┌──

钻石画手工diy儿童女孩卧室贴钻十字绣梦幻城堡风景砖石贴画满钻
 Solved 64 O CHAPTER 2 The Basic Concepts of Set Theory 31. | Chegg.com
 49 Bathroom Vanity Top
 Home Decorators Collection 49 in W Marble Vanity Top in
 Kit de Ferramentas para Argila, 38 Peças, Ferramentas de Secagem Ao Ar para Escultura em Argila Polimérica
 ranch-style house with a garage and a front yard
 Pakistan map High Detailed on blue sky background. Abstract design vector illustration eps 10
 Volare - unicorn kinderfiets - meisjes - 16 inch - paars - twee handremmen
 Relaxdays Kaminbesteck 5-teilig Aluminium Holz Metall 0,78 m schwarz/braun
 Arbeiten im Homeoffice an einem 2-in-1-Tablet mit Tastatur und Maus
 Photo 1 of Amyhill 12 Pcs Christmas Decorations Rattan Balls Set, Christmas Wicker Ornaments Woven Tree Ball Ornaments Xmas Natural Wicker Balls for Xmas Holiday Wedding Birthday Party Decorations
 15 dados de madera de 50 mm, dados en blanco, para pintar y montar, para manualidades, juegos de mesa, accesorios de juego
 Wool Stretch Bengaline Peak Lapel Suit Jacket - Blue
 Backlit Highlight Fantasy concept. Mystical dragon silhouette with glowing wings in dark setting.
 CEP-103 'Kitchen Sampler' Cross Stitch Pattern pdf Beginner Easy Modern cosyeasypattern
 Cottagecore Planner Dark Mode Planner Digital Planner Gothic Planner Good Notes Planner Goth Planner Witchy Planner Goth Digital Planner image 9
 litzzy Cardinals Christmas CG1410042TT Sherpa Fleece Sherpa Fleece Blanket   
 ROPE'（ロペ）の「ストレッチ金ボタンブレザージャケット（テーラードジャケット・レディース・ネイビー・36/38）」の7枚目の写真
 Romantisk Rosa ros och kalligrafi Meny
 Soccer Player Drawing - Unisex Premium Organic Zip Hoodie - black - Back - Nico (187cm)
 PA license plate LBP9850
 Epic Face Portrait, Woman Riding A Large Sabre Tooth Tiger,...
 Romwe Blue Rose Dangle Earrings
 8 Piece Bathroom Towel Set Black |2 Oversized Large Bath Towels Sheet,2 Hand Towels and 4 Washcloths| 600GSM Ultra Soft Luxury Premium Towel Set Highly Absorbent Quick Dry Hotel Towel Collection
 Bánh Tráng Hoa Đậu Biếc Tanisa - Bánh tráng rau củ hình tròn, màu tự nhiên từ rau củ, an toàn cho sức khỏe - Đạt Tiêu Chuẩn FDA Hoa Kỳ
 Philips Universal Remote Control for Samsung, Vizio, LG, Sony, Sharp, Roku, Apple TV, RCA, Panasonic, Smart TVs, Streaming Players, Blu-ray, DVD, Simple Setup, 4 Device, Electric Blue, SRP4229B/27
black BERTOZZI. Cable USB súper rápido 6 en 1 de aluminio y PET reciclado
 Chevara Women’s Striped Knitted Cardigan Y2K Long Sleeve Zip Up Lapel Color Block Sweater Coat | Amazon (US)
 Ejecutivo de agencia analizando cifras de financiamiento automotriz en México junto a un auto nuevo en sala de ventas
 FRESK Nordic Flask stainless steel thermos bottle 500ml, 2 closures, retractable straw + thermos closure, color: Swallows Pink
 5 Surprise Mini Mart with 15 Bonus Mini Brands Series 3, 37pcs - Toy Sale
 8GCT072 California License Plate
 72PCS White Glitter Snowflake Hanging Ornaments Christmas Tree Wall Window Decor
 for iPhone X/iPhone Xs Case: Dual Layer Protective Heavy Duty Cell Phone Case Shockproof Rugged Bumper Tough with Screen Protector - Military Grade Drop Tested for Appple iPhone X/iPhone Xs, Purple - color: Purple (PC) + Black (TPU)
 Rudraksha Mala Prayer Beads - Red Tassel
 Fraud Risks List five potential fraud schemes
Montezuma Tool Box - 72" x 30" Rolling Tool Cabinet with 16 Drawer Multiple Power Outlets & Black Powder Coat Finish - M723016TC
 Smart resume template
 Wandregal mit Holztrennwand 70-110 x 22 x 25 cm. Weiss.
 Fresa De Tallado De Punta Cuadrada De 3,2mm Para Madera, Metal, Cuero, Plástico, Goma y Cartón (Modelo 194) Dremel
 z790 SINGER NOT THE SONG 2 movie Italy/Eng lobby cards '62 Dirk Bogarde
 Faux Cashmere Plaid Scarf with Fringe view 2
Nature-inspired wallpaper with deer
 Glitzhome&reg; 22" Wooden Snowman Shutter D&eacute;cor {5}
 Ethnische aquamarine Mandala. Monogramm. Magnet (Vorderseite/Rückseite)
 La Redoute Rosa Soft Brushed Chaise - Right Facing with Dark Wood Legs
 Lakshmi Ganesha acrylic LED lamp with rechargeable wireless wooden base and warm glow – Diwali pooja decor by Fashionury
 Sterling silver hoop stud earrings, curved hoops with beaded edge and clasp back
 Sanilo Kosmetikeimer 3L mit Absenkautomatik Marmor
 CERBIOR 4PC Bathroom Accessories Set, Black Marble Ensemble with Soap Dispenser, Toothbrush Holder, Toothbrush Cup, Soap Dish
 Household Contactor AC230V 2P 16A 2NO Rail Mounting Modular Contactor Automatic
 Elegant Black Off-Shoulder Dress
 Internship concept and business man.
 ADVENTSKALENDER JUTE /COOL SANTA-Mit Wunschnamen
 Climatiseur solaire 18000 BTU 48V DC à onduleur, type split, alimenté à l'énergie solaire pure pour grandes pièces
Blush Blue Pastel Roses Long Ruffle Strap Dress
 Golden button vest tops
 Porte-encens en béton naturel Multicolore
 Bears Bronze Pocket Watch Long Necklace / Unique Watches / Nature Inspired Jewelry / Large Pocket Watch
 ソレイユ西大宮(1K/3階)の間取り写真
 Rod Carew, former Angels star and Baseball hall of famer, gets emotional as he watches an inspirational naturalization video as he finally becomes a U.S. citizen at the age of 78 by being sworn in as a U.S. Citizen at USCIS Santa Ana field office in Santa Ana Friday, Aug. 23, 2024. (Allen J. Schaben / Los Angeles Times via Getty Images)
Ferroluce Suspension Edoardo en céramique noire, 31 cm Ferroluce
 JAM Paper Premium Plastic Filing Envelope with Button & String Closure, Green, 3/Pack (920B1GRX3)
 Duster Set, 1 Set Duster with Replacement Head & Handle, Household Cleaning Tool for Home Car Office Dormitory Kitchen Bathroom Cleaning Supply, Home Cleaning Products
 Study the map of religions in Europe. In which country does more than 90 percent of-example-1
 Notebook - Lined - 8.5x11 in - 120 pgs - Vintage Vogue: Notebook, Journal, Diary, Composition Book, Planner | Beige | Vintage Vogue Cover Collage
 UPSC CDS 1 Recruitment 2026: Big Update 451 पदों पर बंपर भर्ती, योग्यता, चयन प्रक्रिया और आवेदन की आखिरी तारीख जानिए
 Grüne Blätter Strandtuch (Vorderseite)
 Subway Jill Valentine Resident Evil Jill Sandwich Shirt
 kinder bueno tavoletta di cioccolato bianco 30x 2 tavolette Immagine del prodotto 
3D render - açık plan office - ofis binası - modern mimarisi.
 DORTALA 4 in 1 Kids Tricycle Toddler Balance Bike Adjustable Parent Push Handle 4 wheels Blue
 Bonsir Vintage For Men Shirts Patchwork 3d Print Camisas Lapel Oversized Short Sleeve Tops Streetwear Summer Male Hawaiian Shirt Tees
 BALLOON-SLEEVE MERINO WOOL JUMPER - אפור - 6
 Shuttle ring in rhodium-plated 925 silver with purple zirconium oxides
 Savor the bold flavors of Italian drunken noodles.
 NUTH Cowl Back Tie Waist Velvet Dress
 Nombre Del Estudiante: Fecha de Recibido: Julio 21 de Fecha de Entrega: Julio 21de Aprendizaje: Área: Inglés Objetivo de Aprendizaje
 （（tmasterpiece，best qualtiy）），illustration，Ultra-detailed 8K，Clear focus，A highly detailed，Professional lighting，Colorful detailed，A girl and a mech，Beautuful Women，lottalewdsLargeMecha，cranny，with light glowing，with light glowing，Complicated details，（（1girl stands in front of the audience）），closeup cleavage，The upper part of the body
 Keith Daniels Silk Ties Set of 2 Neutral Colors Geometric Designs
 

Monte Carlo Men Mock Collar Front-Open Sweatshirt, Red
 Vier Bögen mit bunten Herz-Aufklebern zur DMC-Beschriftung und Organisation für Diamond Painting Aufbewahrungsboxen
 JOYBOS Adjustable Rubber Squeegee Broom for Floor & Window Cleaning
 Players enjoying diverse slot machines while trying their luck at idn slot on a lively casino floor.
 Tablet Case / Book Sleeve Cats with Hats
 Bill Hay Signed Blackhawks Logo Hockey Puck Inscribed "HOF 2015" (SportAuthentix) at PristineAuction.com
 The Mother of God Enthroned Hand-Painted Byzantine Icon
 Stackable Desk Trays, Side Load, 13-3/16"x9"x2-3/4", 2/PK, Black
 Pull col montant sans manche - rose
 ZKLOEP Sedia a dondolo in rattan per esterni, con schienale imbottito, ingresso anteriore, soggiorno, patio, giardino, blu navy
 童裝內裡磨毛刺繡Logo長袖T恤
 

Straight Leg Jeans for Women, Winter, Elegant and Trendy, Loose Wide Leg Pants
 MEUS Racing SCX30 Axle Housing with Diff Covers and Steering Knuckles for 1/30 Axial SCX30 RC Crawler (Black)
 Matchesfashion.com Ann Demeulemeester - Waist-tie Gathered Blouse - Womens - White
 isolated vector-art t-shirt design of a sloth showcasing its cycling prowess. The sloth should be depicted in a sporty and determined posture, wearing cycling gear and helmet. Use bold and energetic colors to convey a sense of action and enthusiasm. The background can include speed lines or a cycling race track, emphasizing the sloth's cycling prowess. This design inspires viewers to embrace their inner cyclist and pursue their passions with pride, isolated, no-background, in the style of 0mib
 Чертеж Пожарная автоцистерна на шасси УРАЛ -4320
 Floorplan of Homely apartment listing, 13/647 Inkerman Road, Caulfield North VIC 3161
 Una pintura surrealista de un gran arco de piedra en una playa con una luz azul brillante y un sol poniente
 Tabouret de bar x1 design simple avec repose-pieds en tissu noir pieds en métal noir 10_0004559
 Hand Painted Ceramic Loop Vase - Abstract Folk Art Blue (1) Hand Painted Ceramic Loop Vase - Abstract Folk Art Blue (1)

└──

• THE TASK
Beginning at the first line of the records, give again each line exactly as written, ending with the line that contains "PA license plate LBP9850".

• PROBLEM SOLUTION
钻石画手工diy儿童女孩卧室贴钻十字绣梦幻城堡风景砖石贴画满钻
 Solved 64 O CHAPTER 2 The Basic Concepts of Set Theory 31. | Chegg.com
 49 Bathroom Vanity Top
 Home Decorators Collection 49 in W Marble Vanity Top in
 Kit de Ferramentas para Argila, 38 Peças, Ferramentas de Secagem Ao Ar para Escultura em Argila Polimérica
 ranch-style house with a garage and a front yard
 Pakistan map High Detailed on blue sky background. Abstract design vector illustration eps 10
 Volare - unicorn kinderfiets - meisjes - 16 inch - paars - twee handremmen
 Relaxdays Kaminbesteck 5-teilig Aluminium Holz Metall 0,78 m schwarz/braun
 Arbeiten im Homeoffice an einem 2-in-1-Tablet mit Tastatur und Maus
 Photo 1 of Amyhill 12 Pcs Christmas Decorations Rattan Balls Set, Christmas Wicker Ornaments Woven Tree Ball Ornaments Xmas Natural Wicker Balls for Xmas Holiday Wedding Birthday Party Decorations
 15 dados de madera de 50 mm, dados en blanco, para pintar y montar, para manualidades, juegos de mesa, accesorios de juego
 Wool Stretch Bengaline Peak Lapel Suit Jacket - Blue
 Backlit Highlight Fantasy concept. Mystical dragon silhouette with glowing wings in dark setting.
 CEP-103 'Kitchen Sampler' Cross Stitch Pattern pdf Beginner Easy Modern cosyeasypattern
 Cottagecore Planner Dark Mode Planner Digital Planner Gothic Planner Good Notes Planner Goth Planner Witchy Planner Goth Digital Planner image 9
 litzzy Cardinals Christmas CG1410042TT Sherpa Fleece Sherpa Fleece Blanket   
 ROPE'（ロペ）の「ストレッチ金ボタンブレザージャケット（テーラードジャケット・レディース・ネイビー・36/38）」の7枚目の写真
 Romantisk Rosa ros och kalligrafi Meny
 Soccer Player Drawing - Unisex Premium Organic Zip Hoodie - black - Back - Nico (187cm)
 PA license plate LBP9850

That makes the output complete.